We also identified marked differences between networks in choice of antibiotic. For example, while amoxicillin was overall the most common antibiotic prescribed, this ranged from 3% in the Tromso network to 83% in Southampton. While fluoroquinolones were prescribed for 5% overall, they were prescribed for 18% of patients included in the Milan network. These differences might be attributable to different guidelines and habits in different countries. This will be further explored in a parallel qualitative study.

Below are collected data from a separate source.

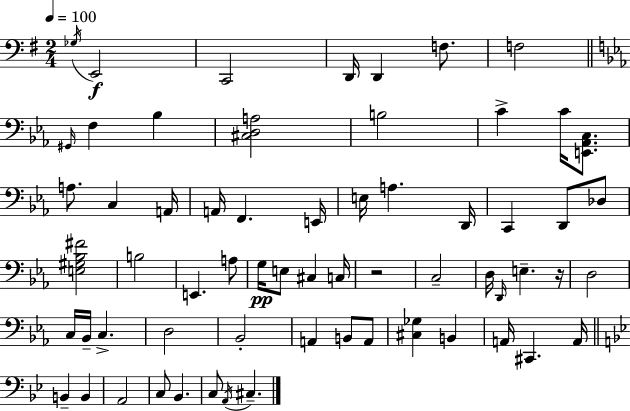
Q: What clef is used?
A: bass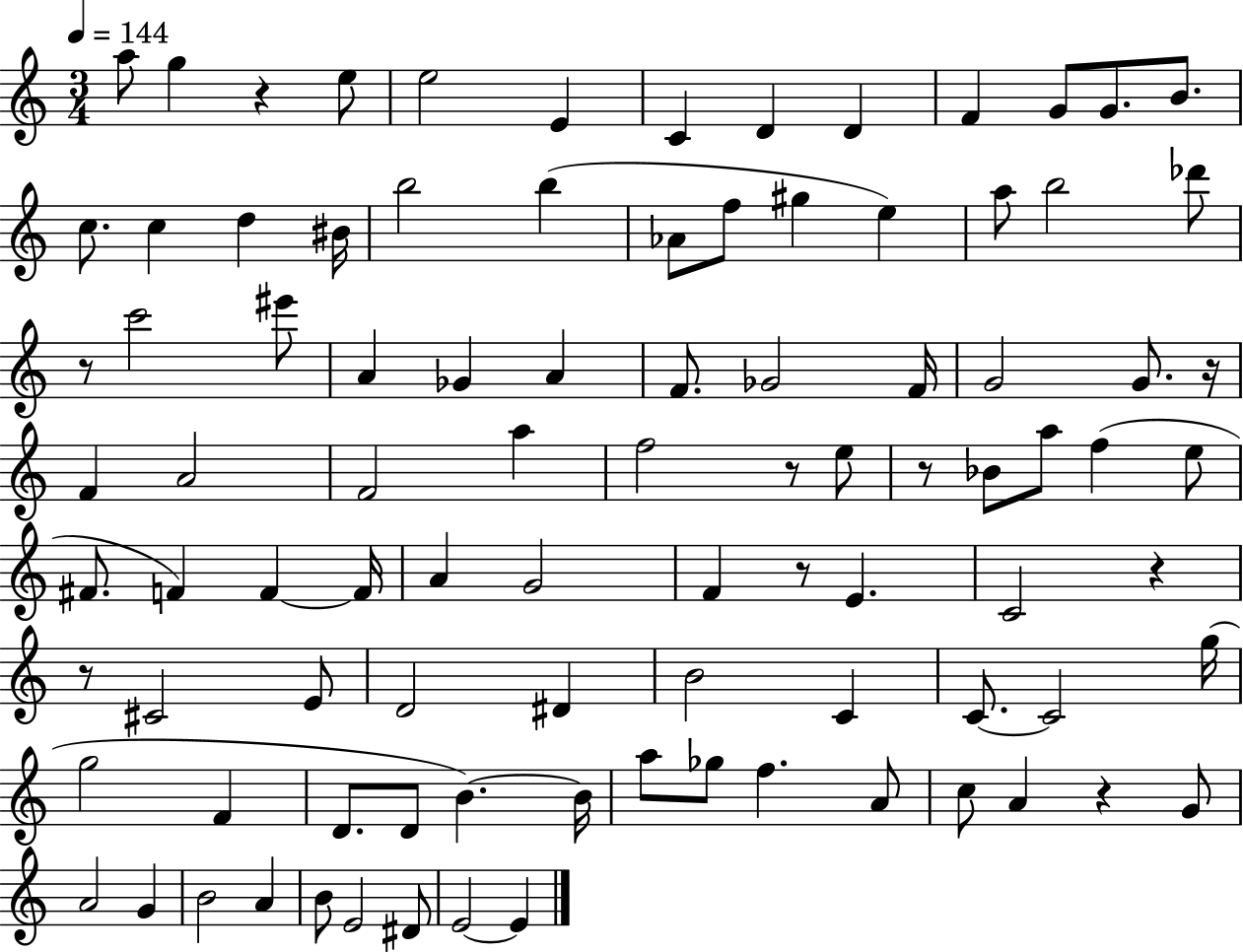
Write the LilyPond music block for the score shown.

{
  \clef treble
  \numericTimeSignature
  \time 3/4
  \key c \major
  \tempo 4 = 144
  a''8 g''4 r4 e''8 | e''2 e'4 | c'4 d'4 d'4 | f'4 g'8 g'8. b'8. | \break c''8. c''4 d''4 bis'16 | b''2 b''4( | aes'8 f''8 gis''4 e''4) | a''8 b''2 des'''8 | \break r8 c'''2 eis'''8 | a'4 ges'4 a'4 | f'8. ges'2 f'16 | g'2 g'8. r16 | \break f'4 a'2 | f'2 a''4 | f''2 r8 e''8 | r8 bes'8 a''8 f''4( e''8 | \break fis'8. f'4) f'4~~ f'16 | a'4 g'2 | f'4 r8 e'4. | c'2 r4 | \break r8 cis'2 e'8 | d'2 dis'4 | b'2 c'4 | c'8.~~ c'2 g''16( | \break g''2 f'4 | d'8. d'8 b'4.~~) b'16 | a''8 ges''8 f''4. a'8 | c''8 a'4 r4 g'8 | \break a'2 g'4 | b'2 a'4 | b'8 e'2 dis'8 | e'2~~ e'4 | \break \bar "|."
}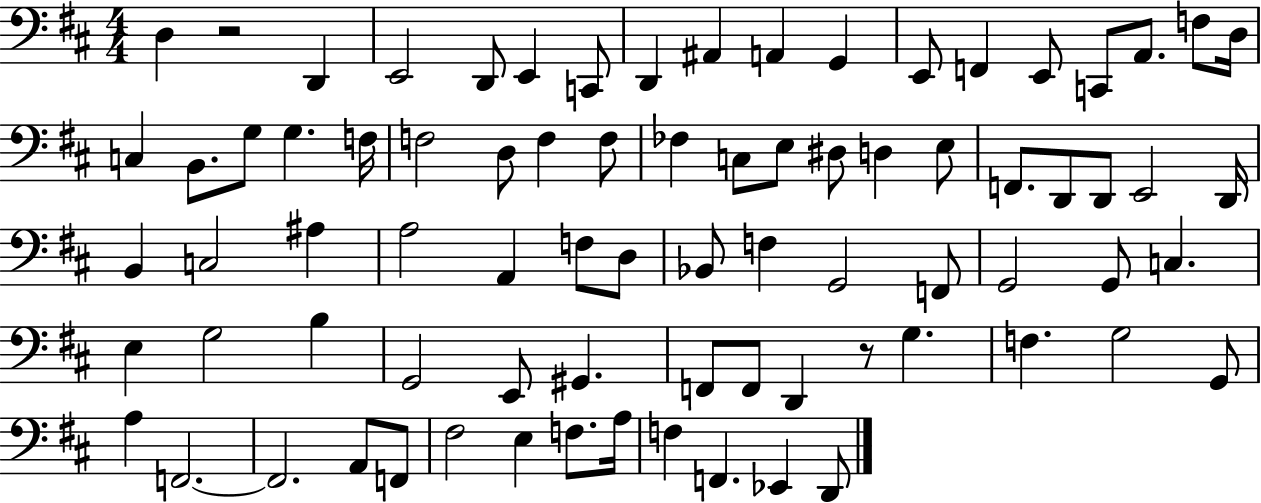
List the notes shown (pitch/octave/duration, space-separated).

D3/q R/h D2/q E2/h D2/e E2/q C2/e D2/q A#2/q A2/q G2/q E2/e F2/q E2/e C2/e A2/e. F3/e D3/s C3/q B2/e. G3/e G3/q. F3/s F3/h D3/e F3/q F3/e FES3/q C3/e E3/e D#3/e D3/q E3/e F2/e. D2/e D2/e E2/h D2/s B2/q C3/h A#3/q A3/h A2/q F3/e D3/e Bb2/e F3/q G2/h F2/e G2/h G2/e C3/q. E3/q G3/h B3/q G2/h E2/e G#2/q. F2/e F2/e D2/q R/e G3/q. F3/q. G3/h G2/e A3/q F2/h. F2/h. A2/e F2/e F#3/h E3/q F3/e. A3/s F3/q F2/q. Eb2/q D2/e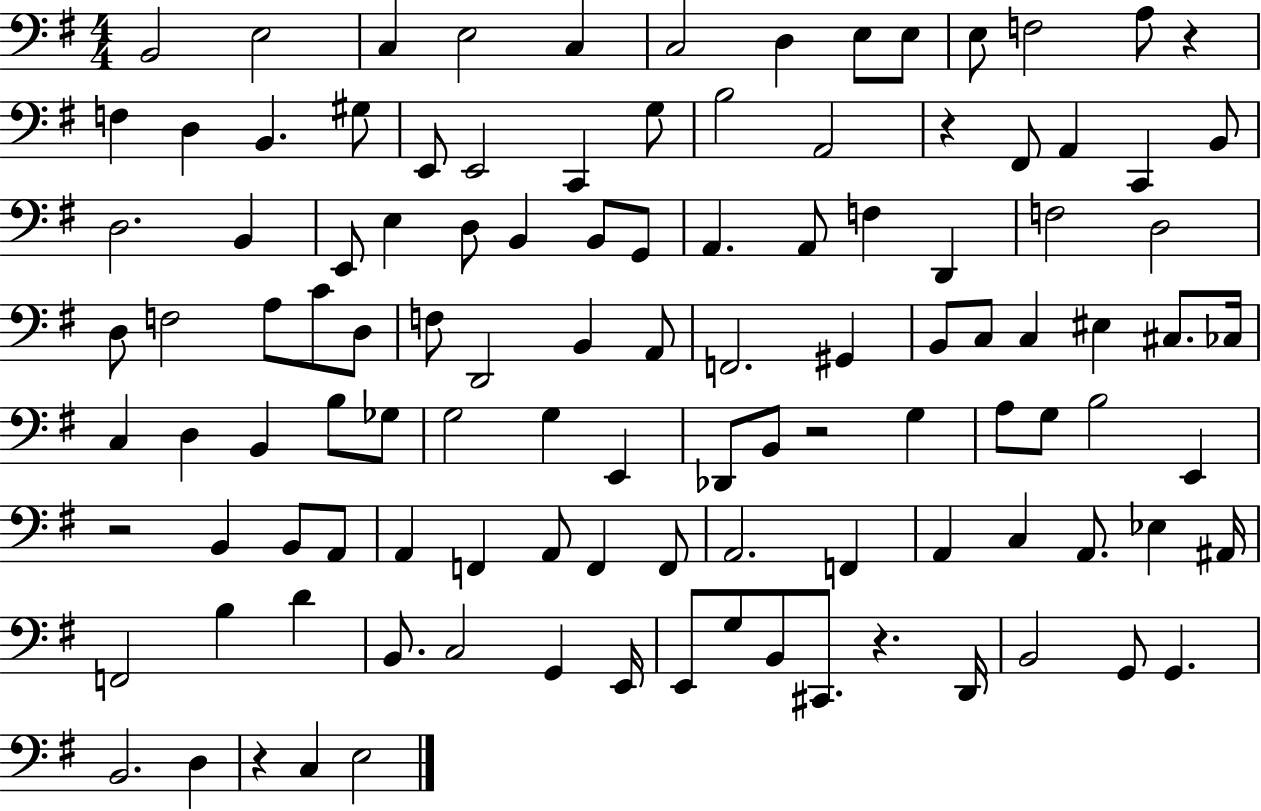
B2/h E3/h C3/q E3/h C3/q C3/h D3/q E3/e E3/e E3/e F3/h A3/e R/q F3/q D3/q B2/q. G#3/e E2/e E2/h C2/q G3/e B3/h A2/h R/q F#2/e A2/q C2/q B2/e D3/h. B2/q E2/e E3/q D3/e B2/q B2/e G2/e A2/q. A2/e F3/q D2/q F3/h D3/h D3/e F3/h A3/e C4/e D3/e F3/e D2/h B2/q A2/e F2/h. G#2/q B2/e C3/e C3/q EIS3/q C#3/e. CES3/s C3/q D3/q B2/q B3/e Gb3/e G3/h G3/q E2/q Db2/e B2/e R/h G3/q A3/e G3/e B3/h E2/q R/h B2/q B2/e A2/e A2/q F2/q A2/e F2/q F2/e A2/h. F2/q A2/q C3/q A2/e. Eb3/q A#2/s F2/h B3/q D4/q B2/e. C3/h G2/q E2/s E2/e G3/e B2/e C#2/e. R/q. D2/s B2/h G2/e G2/q. B2/h. D3/q R/q C3/q E3/h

There were two main findings regarding patients recovery. Firstly, there were significant differences between networks in both severity of symptoms on day one (intercept) and the recovery rate (slope). Differences in the recovery rate, however, were small (fig 5), and patients recovered at a similar rate regardless of network. Secondly, whether a patient was prescribed antibiotics or not was statistically associated with outcome. The magnitude of this association amounted to a difference of a tenth of a single per cent in the symptom severity score after seven days, which is not clinically relevant.
Strengths and limitations
We prospectively described antibiotic prescribing for a well defined population of patients in a large number of countries recruited at the same time. Recruitment was for two periods over a single winter, and findings by recruitment period were similar, suggesting local or temporal variations in cause were unlikely to have explained the observed differences.
The clinicians who participated (and therefore their patients) were all affiliated to a research network and so might not have been representative. In general, research minded clinicians might be more likely to practice according to guidelines.14 They would have been aware of our interest in exploring international differences in antibiotic prescribing, which might have led to an underestimation of the differences we found.
Bias
As the study spanned 13 European countries, there is no guarantee that perceptions of health and reporting of symptoms were consistent. We do not know how cultural differences influenced our results. We are exploring these issues in a parallel qualitative study with patients and clinicians in nine of the networks. Response bias was not relevant to data from the case report forms as there was a 99% completion rate. Completion rates for patients diaries ranged from 60% in the Cardiff network to almost 100% in the Bratislava network. The overall response rate to the diary was high (80%). Non-responders might have deteriorated more than responders, but given similar rates of antibiotic prescribing between the two groups and the generally benign natural clinical course of this condition this is unlikely. Ascertainment bias was minimised by a data collection protocol used by all networks. While every network followed this protocol, some networks implemented additional strategies to improve diary return rates. The impact of different intensities of contact with patients during follow-up is uncertain.
Sample size
This international study was adequately powered to explore antibiotic prescribing. Only a small number of patients were admitted to hospital, and there were no deaths. While this reflects the natural course of acute cough and the fact that it is managed almost exclusively in primary care, the low number of such complications made Europe-wide comparisons on admission to hospital impossible. For the analysis of recovery, the combination of the large number of data points per patient with the large number of patients made this analysis overpowered with some significant findings having little or no clinical relevance.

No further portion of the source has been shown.